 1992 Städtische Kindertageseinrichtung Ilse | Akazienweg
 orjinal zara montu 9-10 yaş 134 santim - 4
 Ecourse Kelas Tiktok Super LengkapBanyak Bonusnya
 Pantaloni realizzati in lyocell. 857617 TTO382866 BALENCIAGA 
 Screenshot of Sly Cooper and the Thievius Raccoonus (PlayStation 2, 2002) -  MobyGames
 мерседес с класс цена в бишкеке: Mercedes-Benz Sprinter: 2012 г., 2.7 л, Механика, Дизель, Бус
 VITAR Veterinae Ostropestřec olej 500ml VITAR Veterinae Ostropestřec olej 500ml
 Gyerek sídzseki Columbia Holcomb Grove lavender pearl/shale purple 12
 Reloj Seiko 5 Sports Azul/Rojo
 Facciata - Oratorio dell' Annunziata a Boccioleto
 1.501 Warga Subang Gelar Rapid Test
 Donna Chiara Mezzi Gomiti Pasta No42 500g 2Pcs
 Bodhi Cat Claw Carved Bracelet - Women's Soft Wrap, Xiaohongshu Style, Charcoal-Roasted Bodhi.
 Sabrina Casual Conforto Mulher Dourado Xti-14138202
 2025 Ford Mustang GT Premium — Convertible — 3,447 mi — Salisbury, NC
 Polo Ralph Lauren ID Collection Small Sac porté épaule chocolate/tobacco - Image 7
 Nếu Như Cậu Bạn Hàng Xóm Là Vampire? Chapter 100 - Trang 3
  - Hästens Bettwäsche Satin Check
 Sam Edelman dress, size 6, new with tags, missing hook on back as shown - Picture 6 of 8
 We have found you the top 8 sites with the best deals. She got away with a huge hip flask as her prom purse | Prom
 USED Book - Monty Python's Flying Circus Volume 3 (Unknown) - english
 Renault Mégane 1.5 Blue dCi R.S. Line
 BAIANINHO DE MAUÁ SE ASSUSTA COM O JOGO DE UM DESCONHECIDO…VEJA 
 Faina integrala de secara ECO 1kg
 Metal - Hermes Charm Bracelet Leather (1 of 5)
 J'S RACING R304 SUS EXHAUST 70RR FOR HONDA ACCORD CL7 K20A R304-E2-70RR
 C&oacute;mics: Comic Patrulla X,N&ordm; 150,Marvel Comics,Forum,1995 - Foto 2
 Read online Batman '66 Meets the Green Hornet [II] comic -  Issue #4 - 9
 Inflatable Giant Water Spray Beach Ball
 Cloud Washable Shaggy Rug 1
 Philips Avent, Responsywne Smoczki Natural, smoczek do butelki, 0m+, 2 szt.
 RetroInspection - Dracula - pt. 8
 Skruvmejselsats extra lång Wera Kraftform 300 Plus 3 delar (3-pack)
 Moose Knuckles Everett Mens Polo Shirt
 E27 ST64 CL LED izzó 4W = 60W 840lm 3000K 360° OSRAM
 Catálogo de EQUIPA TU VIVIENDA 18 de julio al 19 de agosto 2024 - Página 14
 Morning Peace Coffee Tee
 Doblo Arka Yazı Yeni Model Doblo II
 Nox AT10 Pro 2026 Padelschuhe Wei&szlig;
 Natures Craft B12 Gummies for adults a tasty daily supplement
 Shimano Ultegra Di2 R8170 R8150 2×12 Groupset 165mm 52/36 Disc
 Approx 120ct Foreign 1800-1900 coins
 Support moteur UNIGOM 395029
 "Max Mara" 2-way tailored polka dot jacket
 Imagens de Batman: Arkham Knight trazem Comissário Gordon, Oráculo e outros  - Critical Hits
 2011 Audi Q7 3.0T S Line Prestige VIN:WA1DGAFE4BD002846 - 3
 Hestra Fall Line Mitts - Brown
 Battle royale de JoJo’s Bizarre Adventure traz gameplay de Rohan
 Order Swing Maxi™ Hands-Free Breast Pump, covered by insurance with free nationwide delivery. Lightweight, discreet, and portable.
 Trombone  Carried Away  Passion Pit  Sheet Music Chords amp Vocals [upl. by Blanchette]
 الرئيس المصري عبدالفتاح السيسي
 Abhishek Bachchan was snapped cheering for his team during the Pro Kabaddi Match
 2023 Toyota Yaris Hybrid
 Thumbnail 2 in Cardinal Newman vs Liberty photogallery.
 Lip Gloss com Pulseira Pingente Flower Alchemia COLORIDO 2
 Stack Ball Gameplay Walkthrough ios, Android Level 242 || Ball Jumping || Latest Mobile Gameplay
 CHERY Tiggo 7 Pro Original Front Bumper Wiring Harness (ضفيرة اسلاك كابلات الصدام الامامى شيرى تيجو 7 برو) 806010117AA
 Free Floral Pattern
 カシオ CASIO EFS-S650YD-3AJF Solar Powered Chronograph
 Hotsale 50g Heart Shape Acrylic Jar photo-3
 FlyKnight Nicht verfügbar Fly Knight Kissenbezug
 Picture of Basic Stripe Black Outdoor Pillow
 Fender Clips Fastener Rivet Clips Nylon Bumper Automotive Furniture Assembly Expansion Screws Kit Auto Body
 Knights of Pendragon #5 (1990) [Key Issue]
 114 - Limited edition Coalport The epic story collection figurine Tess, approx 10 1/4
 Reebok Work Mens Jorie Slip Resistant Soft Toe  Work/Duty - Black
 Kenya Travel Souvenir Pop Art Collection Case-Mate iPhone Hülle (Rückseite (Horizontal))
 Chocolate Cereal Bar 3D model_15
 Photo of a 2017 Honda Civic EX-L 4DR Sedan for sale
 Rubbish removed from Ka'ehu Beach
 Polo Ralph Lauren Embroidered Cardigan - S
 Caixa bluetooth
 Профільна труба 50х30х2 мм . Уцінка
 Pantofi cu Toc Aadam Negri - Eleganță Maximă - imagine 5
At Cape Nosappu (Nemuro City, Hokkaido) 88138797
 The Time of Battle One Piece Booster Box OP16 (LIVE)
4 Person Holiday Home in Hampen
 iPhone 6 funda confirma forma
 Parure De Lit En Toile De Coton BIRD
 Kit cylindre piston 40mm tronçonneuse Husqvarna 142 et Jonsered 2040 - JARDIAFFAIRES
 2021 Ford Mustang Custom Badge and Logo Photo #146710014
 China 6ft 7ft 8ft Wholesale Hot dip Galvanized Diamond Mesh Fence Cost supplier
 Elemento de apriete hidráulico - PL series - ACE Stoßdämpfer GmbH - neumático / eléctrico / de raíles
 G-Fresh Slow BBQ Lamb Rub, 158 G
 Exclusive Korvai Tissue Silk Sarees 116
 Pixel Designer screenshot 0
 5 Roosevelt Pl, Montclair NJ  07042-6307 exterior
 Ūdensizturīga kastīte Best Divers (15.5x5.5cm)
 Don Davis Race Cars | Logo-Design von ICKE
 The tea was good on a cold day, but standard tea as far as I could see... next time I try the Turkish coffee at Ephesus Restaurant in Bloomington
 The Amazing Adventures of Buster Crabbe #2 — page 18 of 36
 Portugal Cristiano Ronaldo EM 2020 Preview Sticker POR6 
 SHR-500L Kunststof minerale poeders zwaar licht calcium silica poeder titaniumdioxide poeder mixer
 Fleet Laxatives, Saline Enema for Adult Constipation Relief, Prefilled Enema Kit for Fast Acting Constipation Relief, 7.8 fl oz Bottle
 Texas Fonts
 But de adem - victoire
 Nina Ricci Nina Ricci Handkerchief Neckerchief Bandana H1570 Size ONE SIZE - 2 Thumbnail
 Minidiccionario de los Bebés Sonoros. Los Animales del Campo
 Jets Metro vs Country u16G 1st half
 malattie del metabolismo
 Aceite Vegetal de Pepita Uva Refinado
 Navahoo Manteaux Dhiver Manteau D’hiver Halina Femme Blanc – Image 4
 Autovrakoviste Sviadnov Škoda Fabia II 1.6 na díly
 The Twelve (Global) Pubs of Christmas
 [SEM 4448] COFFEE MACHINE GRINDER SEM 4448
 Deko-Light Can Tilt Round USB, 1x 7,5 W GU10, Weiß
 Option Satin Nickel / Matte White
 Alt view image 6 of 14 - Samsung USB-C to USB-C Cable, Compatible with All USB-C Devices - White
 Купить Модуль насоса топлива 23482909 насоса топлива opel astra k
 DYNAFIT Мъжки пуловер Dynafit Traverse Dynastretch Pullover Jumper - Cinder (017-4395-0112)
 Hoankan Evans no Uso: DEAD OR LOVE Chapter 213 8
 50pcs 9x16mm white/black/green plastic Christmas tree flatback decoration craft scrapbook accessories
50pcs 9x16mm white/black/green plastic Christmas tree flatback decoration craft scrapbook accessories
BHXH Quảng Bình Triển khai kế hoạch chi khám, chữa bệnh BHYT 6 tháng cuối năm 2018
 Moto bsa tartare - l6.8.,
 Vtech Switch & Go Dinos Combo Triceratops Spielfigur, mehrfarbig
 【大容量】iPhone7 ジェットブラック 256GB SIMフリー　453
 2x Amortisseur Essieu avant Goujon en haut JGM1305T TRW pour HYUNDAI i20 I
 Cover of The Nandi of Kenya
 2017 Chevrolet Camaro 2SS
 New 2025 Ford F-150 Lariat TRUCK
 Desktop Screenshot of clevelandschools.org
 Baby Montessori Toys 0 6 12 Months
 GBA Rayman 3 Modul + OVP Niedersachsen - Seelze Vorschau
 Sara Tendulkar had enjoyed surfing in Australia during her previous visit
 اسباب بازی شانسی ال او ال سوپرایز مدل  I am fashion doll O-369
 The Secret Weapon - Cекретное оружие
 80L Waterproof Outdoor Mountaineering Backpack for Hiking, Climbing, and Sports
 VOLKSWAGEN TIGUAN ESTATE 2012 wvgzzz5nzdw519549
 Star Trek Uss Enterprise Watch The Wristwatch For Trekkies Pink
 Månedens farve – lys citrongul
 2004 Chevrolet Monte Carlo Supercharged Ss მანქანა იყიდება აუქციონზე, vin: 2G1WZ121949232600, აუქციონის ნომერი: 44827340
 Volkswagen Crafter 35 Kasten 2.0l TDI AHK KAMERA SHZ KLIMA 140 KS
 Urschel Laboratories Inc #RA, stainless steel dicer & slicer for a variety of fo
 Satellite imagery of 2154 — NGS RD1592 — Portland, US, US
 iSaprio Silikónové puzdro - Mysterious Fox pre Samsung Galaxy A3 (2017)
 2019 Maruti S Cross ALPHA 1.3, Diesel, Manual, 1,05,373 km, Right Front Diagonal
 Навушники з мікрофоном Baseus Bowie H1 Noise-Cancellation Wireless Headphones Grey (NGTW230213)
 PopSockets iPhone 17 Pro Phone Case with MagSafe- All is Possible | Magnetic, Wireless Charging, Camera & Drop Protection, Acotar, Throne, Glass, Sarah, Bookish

::::

• _TASK OBJECTIVE_
An exact restatement of the lines from the one with "Навушники з мікрофоном" through the last line of the data is the only acceptable answer.

• _RESPONSE TO THIS EXERCISE_
 Навушники з мікрофоном Baseus Bowie H1 Noise-Cancellation Wireless Headphones Grey (NGTW230213)
 PopSockets iPhone 17 Pro Phone Case with MagSafe- All is Possible | Magnetic, Wireless Charging, Camera & Drop Protection, Acotar, Throne, Glass, Sarah, Bookish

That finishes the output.